Nie miała siły się podnieść, do tego jeszcze chciało jej się
pić. Znów zamknęła oczy i usnęła. Obudziły ją otwierające
się drzwi, otworzyła oczy i wlepiła wzrok w nie, do pokoju raźnym
krokiem wszedł brunet, o serdecznym uśmiechu, jeśli mogła by się
założyć to obstawiała by że chodzi do siłowni.
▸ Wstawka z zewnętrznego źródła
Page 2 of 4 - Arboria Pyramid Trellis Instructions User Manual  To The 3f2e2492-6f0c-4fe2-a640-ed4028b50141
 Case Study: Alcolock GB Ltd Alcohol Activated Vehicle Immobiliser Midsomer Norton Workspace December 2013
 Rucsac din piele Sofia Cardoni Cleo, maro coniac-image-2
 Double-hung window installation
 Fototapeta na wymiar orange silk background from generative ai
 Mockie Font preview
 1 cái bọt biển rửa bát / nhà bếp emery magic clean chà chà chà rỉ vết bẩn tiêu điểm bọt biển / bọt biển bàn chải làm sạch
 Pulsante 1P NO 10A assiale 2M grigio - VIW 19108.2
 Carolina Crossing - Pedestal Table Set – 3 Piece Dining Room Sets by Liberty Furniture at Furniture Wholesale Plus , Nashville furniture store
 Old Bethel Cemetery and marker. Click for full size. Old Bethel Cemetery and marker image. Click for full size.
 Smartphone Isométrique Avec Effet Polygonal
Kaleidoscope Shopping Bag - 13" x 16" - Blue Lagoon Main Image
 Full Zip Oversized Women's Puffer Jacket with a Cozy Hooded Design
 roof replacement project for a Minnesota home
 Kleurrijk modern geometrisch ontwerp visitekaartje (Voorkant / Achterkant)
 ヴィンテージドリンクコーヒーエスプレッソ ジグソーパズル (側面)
–Widzę że kaca masz dużego. –
Usiadł na łóżku i spojrzał jej w oczy, w normalnej sytuacji by
tego pożałował ale teraz uznała że będzie wielce dobroduszna i
odpuści mu. Spojrzała na jego ręce, liczyła że przyniósł jej
wody, najwyraźniej to zauważył i jeszcze szerzej się uśmiechną,
usłyszała jego śmiech.
–O to Ci chodzi?- Wyją butelkę wody
za bluzy i uśmiechną się. – No dobrze nie będę Cię
torturować.- Włożył jej w ręce butelkę wody, zaśmiał się gdy
ona jak najszybciej odkręciła butelkę i całą jej zawartość
wlała do gardła, była ciekawa czy rzeczywiście wszyscy tak
reagują na drugi dzień po piciu. Usłyszała śmiech, spojrzała
się na niego. Usłyszała śmiech, spojrzała się na niego, chciała
go rozerwać, porwać na strzępy, lecz był jeden mały problem nie
miała siły. Opadła na łóżko i przymknęła powieki, uśmiechając
się pod nosem. Spojrzała się na niego i wyciągnęła rękę,
chciała więcej wody.
– Nie mam więcej wody przy sobie. –
Na te słowa z jej gardła wyrwał się jęk, spojrzał się na nią
i uśmiechną liczyła że i teraz wyjmie spod bluzy butelkę z wodą,
lecz on tylko się podniósł. Nagle złapał ją za rękę i
pociągną ją ku sobie, tak że mimo woli musiała wstać. Z jej
gardła wyszedł głęboki wark, widziała zdziwienie w jego oczach i
lekki strach który po chwili miną za to pojawiło się w nich
rozśmieszenie.
– Oj nie udawaj takiej ostrej, przecież wiem że
jesteś łagodna jak baranek. – Warknęła jeszcze głośniej, a on
tylko się zaśmiał i pociągną ją ku drzwiom. Uważała że
narzuca jej zbyt szybkie tępo, a szczególnie przez to że nie miała
dzisiaj w ogóle siły. Dość szybko doszli do jakiegoś pomieszczenia
zakładała że salonu.
piątek, 15 lutego 2013
Poznaj nas cz.2
Po paru godzinach, w powietrzu pojawił się
zapach zgnilizny. Wilczyca zatrzymał się i rozejrzał za źródłem
zapachu, gdy okazało się że niema go w pobliżu, ruszyła jego
tropem. Doszła do jednej jaskini, powoli i ostrożnie weszła do
niej. Jaskinia nie wyróżniała się niczym szczególnym, jedyne co
ją do niej zwabiło to ten odór, lekko przymknęła oczy i ruszyła
przed siebie. Zapach z czasem stawał się nieprzyjemny, wręcz
drażniący. Po 20 min doszła do ogromnej groty, a pośrodku niej
znalazła martwe ciało, był to mężczyzna , nie widziała jego
twarzy ciało było już w trakcie rozkładu, wyglądało
makabrycznie, nie mogła na to patrzeć, odwróciła łeb i ruszyła
do jednego z tuneli, wchodząc spłoszyła nietoperze które z
wrzaskiem przed nią uciekły. Na ich widok przypomniały jej się
horrory w których te zwierzęta grały rolę wampirów, jej pysk
zmienił się w grymas podobny do uśmiechu, lecz kto to wiedział co
wilczy pysk w tej chwili chciał wrazić? Po pewnym czasie udało jej
się wyjść z jaskini i wypłoszyć pełno nietoperzy. Znalazła się
na obrzeżach jakiegoś miasta, wiedziała że ogromny wilczur
wystraszy ludzi. Nagle jej ciało się wygięło w nienaturalny
sposób, a z gardła wyszedł podłużny syk, wilcze łapy zaczęły
zmieniać się w ręce i nogi, po chwili w miejscu wilka stała
kobieta o krótkich piaskowych włosach i ciemno zielonych oczach.
Biała koszula się lekko rozchyliła, nie zdążyła
jej dokładnie zapiąć, na szczęście spodnie się trzymały, tylko
to było w stanie przemknąć przez jej myśli. Ruszyła powoli w
stronę miasta, przy okazji zapinając guziki u koszuli. Miała
ochotę się trochę rozerwać, ruszyła do jednej z tutejszych
knajp. Gdy tylko weszła uderzyła w nią głośna muzyka i zapachy
ludzi. Podeszła szybkim krokiem do baru i zamówiła pierwszy drink.
Po dobrej godzinie i paru drinkach zaczęło jej szumieć w głowie.
Czuła że rano będzie miała ogromnego kaca.